Animal Feelings
Rafter
L'auto-tune, le vocoder et la talkbox sont des instruments très dangereux qu'il ne faut pas mettre entre toutes les mains. Il faudrait même penser à réglementer avec la plus grande rigueur leur utilisation quand on voit les massacres que nous infligent de trop nombreux laborantins de bas étage qui pensent ajouter une petite touche de fun à des compositions d'une banalité autrement confondante. Malheureusement, tout le monde ne s'appelle pas Stevie Wonder, Chromeo ou Kanye West et chaque année, les catastrophes se comptent par dizaines. Et à l'écoute du titre qui ouvre Animal Feelings, ce nouvel album de l'Américain Rafter, on serait tenté de verser cet artiste emblématique du label Asthmatic Kitty dans la catégorie des fous-furieux qui n'auraient jamais dû toucher à un logiciel d'auto-tune, ne serait-ce que parce qu'auto-tune et pop ne font pas spécialement bon ménage. Et puis les écoutes se succèdent, et ce qui semblait être une incongruité prend petit à petit place dans un ensemble plus large, et tout devient plus clair. Rafter n'a rien d'un imposteur, et tout d'un artiste qui sait très bien ce qu'il fait, quitte à prendre de gros risques.

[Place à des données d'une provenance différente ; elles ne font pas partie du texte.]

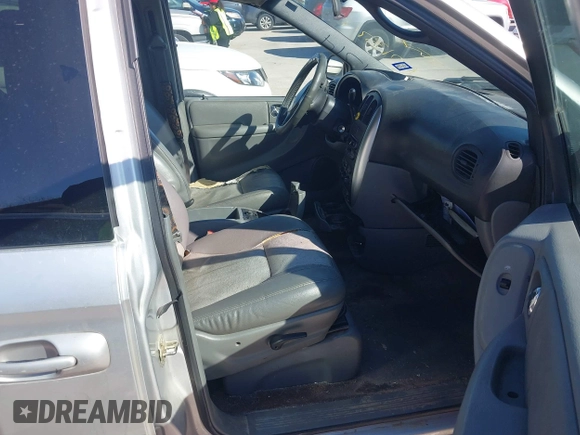 2004 Dodge Caravan SXT z VIN 2D4GP44L34R601374, wystawiony jako IAAI lot #41359480 z przebiegiem 254 534 mil mil oraz . Historia ofert i sprzedaży dostępna na DreamBid. Obrazek 5.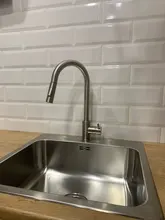 Grifo de cocina de dos funciones, mezclador de un solo tirador, montado en cubierta, de agua caliente y fría, color negro, envío gratis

Car forcément, lorsque vous êtes un producteur bossant pour Sufjan Stevens, les Fiery Furnaces ou les Castanets, que vous avez habitué votre public à des disques de folk bordélique et que du jour au lendemain vous vous lancez à corps perdu dans l'écriture d'un bazar qui aimerait faire le grand écart entre la pop en technicolor du Yeasayer version 2010 ou d'Of Montreal et le R&B grand public style Justin Timberlake et Rihanna, les chances de faire l'objet de moqueries en tous genres sont assez grandes. Comme celles d'accoucher d'un OVNI attachant qu'on ne peut s'empêcher d'examiner sous toutes les coutures. Car oui, avec ses tubes un tantinet boiteux, ses textures riches, ses ambiances suaves et ses rythmiques chaloupées, Animal Feelings respire la coolitude et la communion par tous les pores. Et s'il est des disques qui sont fait pour être découverts dans l'intimité d'une pièce, il en est d'autres, comme Animal Feelings, qui ne demandant qu'à être partagés et célébrés la mousse fraîche à la main et la clope au bec, entourés de quelques potes qui ne se formaliseront pas devant les expérimentations parfois inattendues d'un Rafter jamais à court d'idées farfelues. Probablement pas indispensable, mais chaudement recommandé quand même.